A phase I dose escalation study of Polyphenon E in liver cirrhosis: Evaluation of safety and effect on liver γ-OHPdG levels.
- Georgetown Lombardi Comprehensive Cancer Center, Washington, DC, United States.
- MedStar Georgetown University Hospital, United States.
- University of Puerto Rico, Medical Sciences Campus, San Juan, PR, Puerto Rico.
- Georgetown University Medical Center, United States.
- North Carolina A&T State University, Kannapolis, North Carolina, United States.
- North Carolina Agricultural and Technical State University, Kannapolis, United States.
- University of Minnesota, Minneapolis, MN, United States.
- Northwestern University Feinberg School of Medicine, Chicago, IL, United States.

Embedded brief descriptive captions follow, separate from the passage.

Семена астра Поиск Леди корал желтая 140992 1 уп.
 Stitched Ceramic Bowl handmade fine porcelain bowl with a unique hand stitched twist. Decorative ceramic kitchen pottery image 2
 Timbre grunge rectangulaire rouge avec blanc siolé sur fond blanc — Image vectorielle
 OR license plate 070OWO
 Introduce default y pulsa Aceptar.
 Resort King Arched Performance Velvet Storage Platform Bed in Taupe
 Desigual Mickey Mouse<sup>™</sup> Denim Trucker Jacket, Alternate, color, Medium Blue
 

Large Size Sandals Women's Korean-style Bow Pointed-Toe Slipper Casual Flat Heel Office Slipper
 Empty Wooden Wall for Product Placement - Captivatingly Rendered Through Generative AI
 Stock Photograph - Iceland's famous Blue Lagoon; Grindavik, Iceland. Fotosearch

- Northwestern University Feinberg School of Medicine, Chicago, Il, United States.
- Northwestern University, Chicago, IL, United States.

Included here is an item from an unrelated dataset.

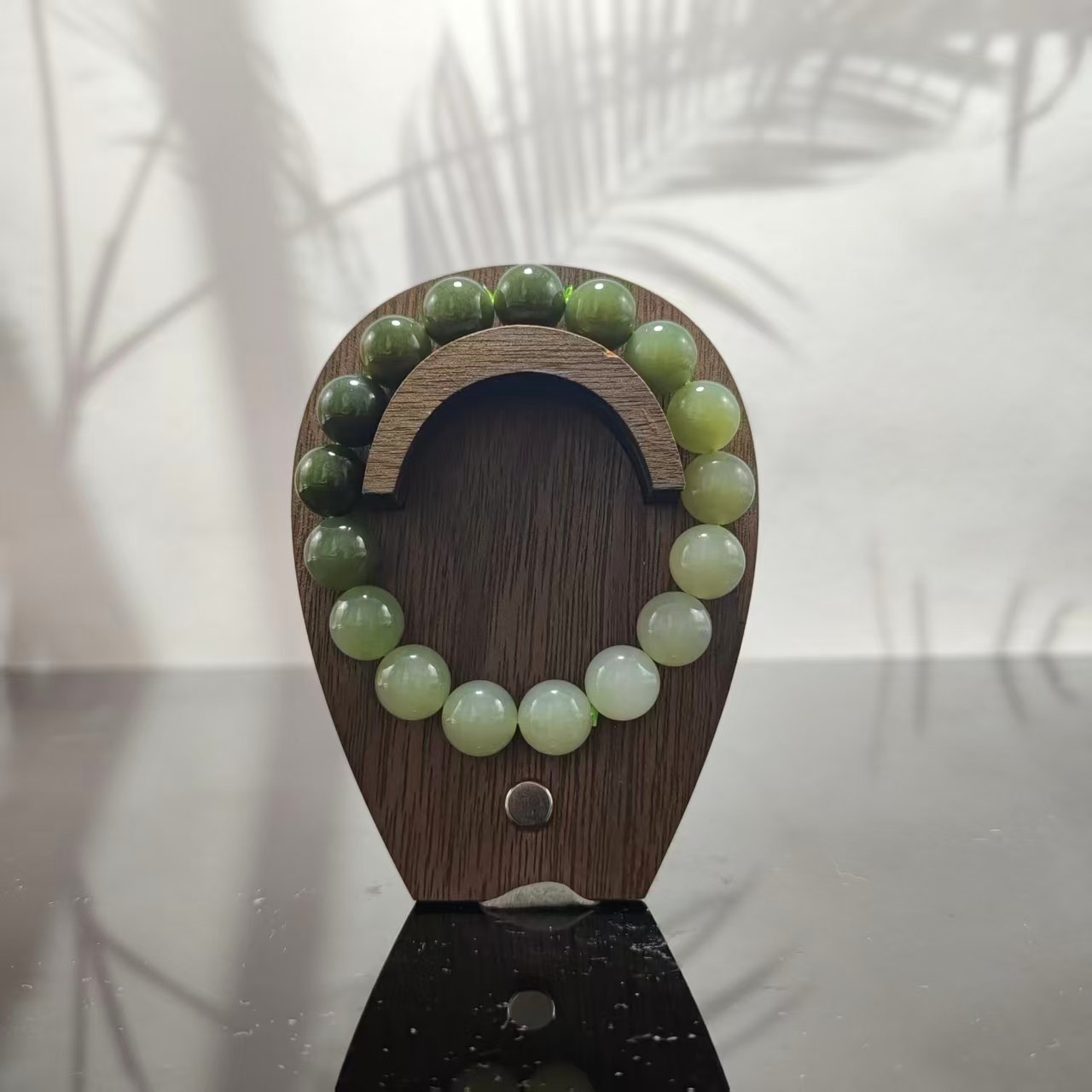 U和田玉渐变圆珠手串（卡12）0984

- National Cancer Institute, Bethesda, MD, United States.
- National Cancer Institute, Rockville, md, United States.
- Georgetown University, Washington, DC, United States.

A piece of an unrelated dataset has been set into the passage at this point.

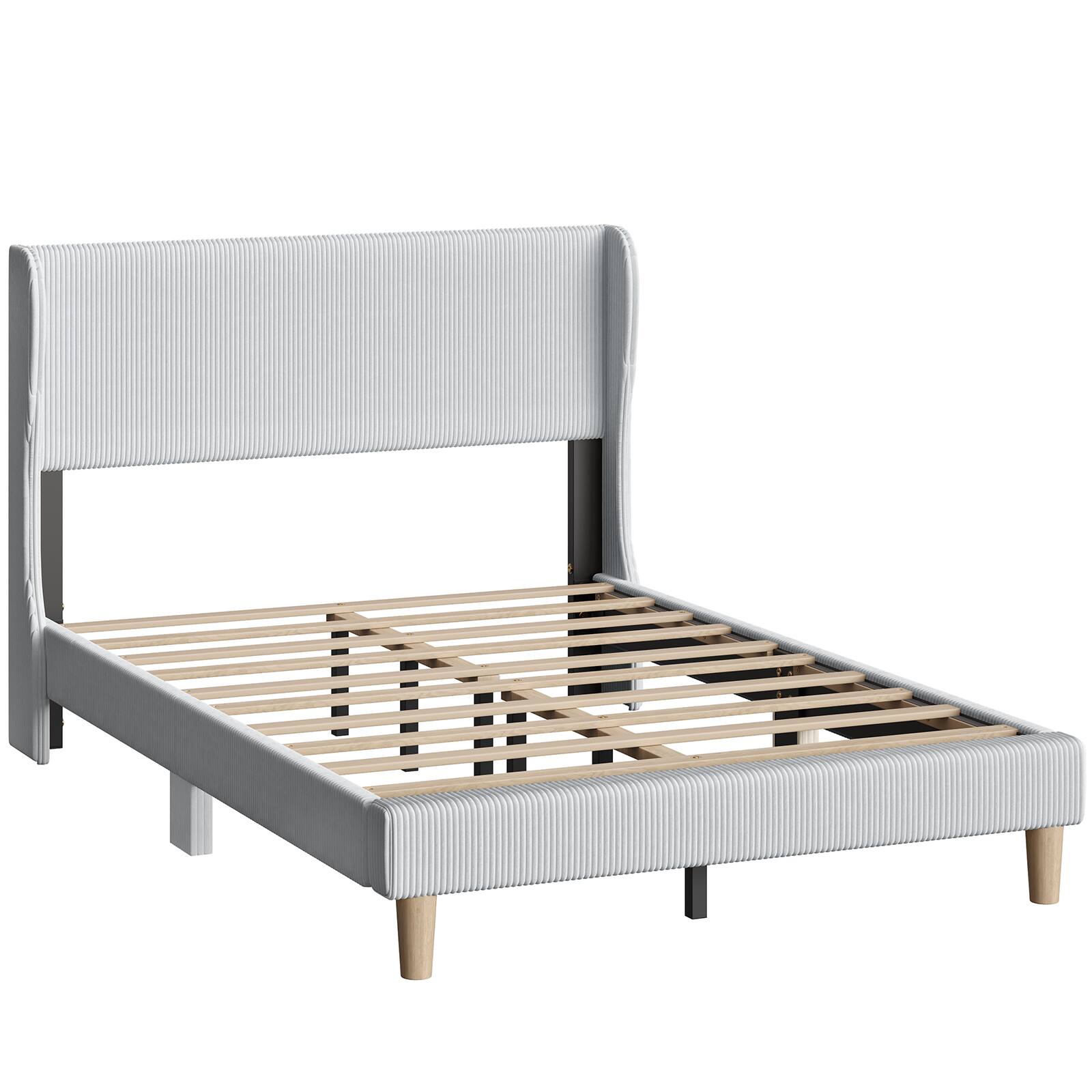 Alt View 4. Bestier - Wood Frame Corduroy Upholstered Platform Bed Frame with Wingback Headboard - Light Grey.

Accumulation of the DNA adduct γ-hydroxy-1, N2-propanodeoxyguanosine (γ-OHPdG) is associated with HCC development. Theaphenon E-a green tea polyphenol extract dosed according to mg of epigallocatechin gallate (EGCG)-suppresses the formation of γ-OHPdG and reduces hepatocellular carcinoma (HCC) development in preclinical models. This study aimed to evaluate the safety of Polyphenon E (Theaphenon E equivalent) and its effect on liver γ-OHPdG levels in patients with cirrhosis. This Phase I trial used a 3 + 3 dose escalation design with five planned Polyphenon E (EGCG) dose levels: 400 mg, 800 mg, 1200 mg, 1600 mg, and 2000 mg daily, administered orally for 24 weeks. Each dose cohort was monitored for "discontinue therapy" criteria for four weeks before additional participants were enrolled in the next cohort. Participant liver samples were assessed for γ-OHPdG levels by liquid chromatography-tandem mass spectrometry (LC-MS/MS) and vibration-controlled transient elastography (VCTE); endogenous catechin pharmacokinetic (PK) data were analyzed. Grade 1 and 2 treatment-related adverse events (AEs) were observed in 38% of participants. Liver γ-OHPdG levels declined after treatment in most participants. There was a decrease in the VCTE-controlled attenuation parameter in some participants. After Polyphenon E dosing, the catechin PK clearance patterns were equivalent for all doses except 1600 mg. Polyphenon E was well tolerated in participants with cirrhosis at a dose up to and including 1600 mg/day. Therefore, the recommended starting dose for a phase II trial in a cirrhotic population is 1200 mg. We observed promising Polyphenon E suppression of liver OHPdG levels.